Il évoque 68 dénonciations effectuées depuis le lancement du programme en juin 2016, « des dénonciations que nous n’aurions pas eues autrement ». De ce nombre, « un peu plus de 50% » a donné lieu à l’ouverture d’une enquête ou a généré de l’information liée à un dossier d’enquête existant. Pour l’instant, aucun dossier d’enquête ne s’est traduit par des poursuites.
« Une dénonciation, c’est le jour un du dossier potentiel d’enquête. Certaines dénonciations vont ensuite donner lieu à des dossiers d’enquête. Pour l’instant, nous ne sommes pas encore dans des dossiers où il y a des poursuites, mais des dossiers d’enquêtes sont en cours à la suite de dénonciations reçues », signale Jean-François Fortin.
Dans le cas des dénonciations n’ayant pas mené à l’ouverture d’un dossier d’enquête, ça ne veut pas dire que l’information n’est d’aucune utilité, précise Jean-François Fortin.
Un dossier d’enquête est ouvert lorsqu’il y a « des motifs suffisants de croire qu’il y a une infraction qui est commise où qu’il y a quelque chose d’illégal qui est survenu. Les dossiers pour lesquelles nous n’avons pour suffisamment d’information pourraient nous servir ultérieurement ».
Un choix réfléchi
C’est l’analyse de différents programmes de dénonciations mis en place par des régulateurs à travers le monde qui a mené l’AMF à choisir de ne pas rémunérer les dénonciateurs.
« Je ne dis pas que nous sommes contre un programme de récompenses et que nous n’irons pas éventuellement dans cette voie, mentionne Jean-François Fortin.

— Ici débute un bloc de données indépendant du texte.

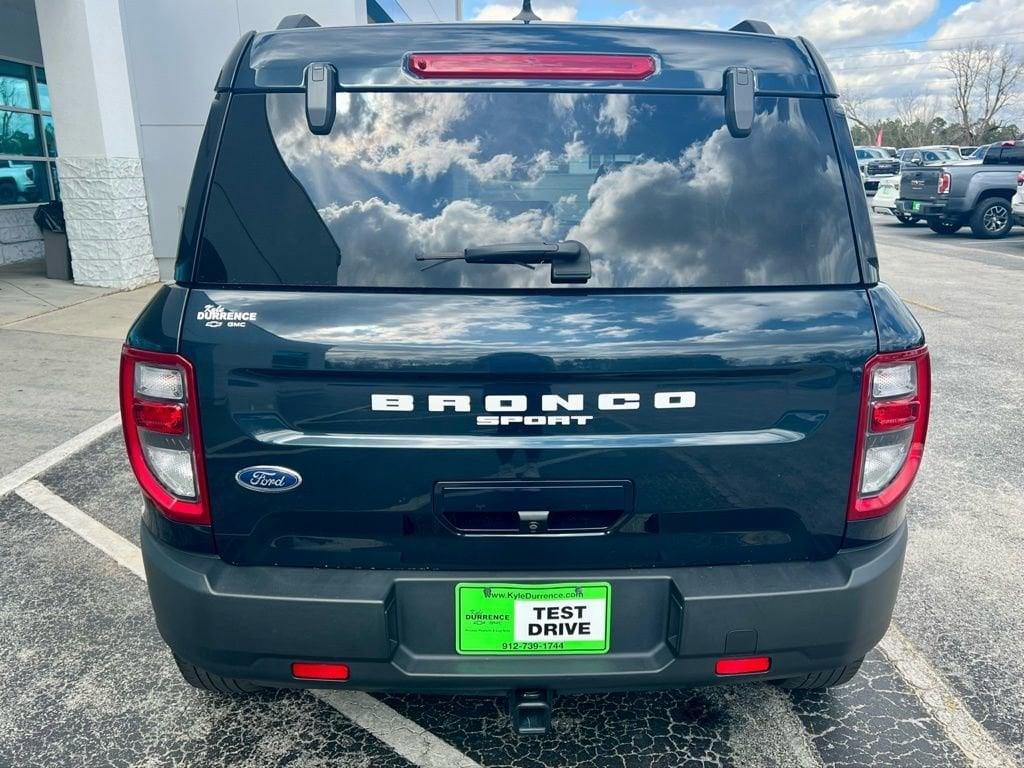 used 2022 Ford Bronco Sport car, priced at $22,897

Toutefois, nous n’avons pu constater d’éléments qui démontraient véritablement que les récompenses, c’est ce qui amenait un dénonciateur potentiel à dénoncer ».

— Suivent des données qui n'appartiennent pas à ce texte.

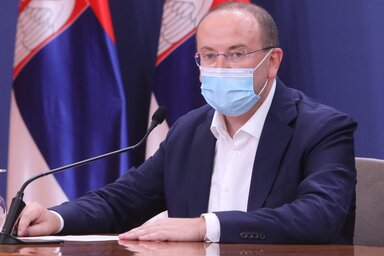 Zoran Gojković (Fotó: Beta)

Jean-François Fortin souligne qu’un programme de récompenses implique du financement et nécessite une analyse qui va au-delà de la dénonciation. « En plus d’enquêter sur l’infraction potentielle, il faut valider la qualité du dénonciateur et déterminer s’il se qualifie pour avoir une récompense. »
Pour sa part, la Commission des valeurs mobilières de l’Ontario a lancé son programme de dénonciation presque au même moment que l’AMF, et a choisi d’y inclure des incitatifs. Jean-François Fortin affirme toutefois ignorer « combien les Ontariens ont mis d’argent dans leur programme », ainsi que le nombre de dénonciations récoltées depuis le lancement de ce programme.
Générer des dénonciations
Le programme de dénonciation de l’AMF vise tous les types d’infractions potentielles, qu’elles soient commises dans le cadre de la distribution de produits financiers, d’assurances, ou en valeurs mobilières. Le programme, s’il s’adresse à monsieur et madame Tout-le-monde, concerne particulièrement « les participants de marchés, les employés de l’industrie qui sont dans les institutions financières et qui ont pu être témoins de situations d’illégalité ayant pu échapper au régulateur », précise Jean-François Fortin.
Lors de la mise en œuvre du programme, L’AMF s’est assurée d’y inclure des éléments tels qu’un mécanisme de confidentialité et d’immunité. Ainsi, en matière de protection offerte aux dénonciateurs, les mesures son multiples. Au final, certains dénonciateurs pourraient agir de manière totalement anonyme, l’identité de certains autres pourrait ne jamais être dévoilée, alors que d’autres dénonciateurs pourraient ne jamais avoir à témoigner, illustre Jean-François Fortin.
« Lorsque nous avons lancé le programme, nous savions qu’il ne contenait pas toutes les mesures voulues et que des amendements législatifs étaient requis, mais nous avons quand même choisi d’aller de l’avant », confirme Jean-François Fortin. Des éléments venant compléter le programme sont inclus dans le projet de loi 141 déposé en octobre par le ministre des Finances Carlos Leitao.
Il s’agit essentiellement de mesures anti-représailles visant à protéger la personne qui, de bonne foi, fait une dénonciation à l’AMF ou qui collabore à une enquête. Les mesures de représailles sont illustrées dans le projet de loi 141 comme étant la rétrogradation, la suspension, le congédiement ou le déplacement d’une personne, « ainsi que toute sanction disciplinaire ou autre mesure portant atteinte à son emploi ou à ses conditions de travail ».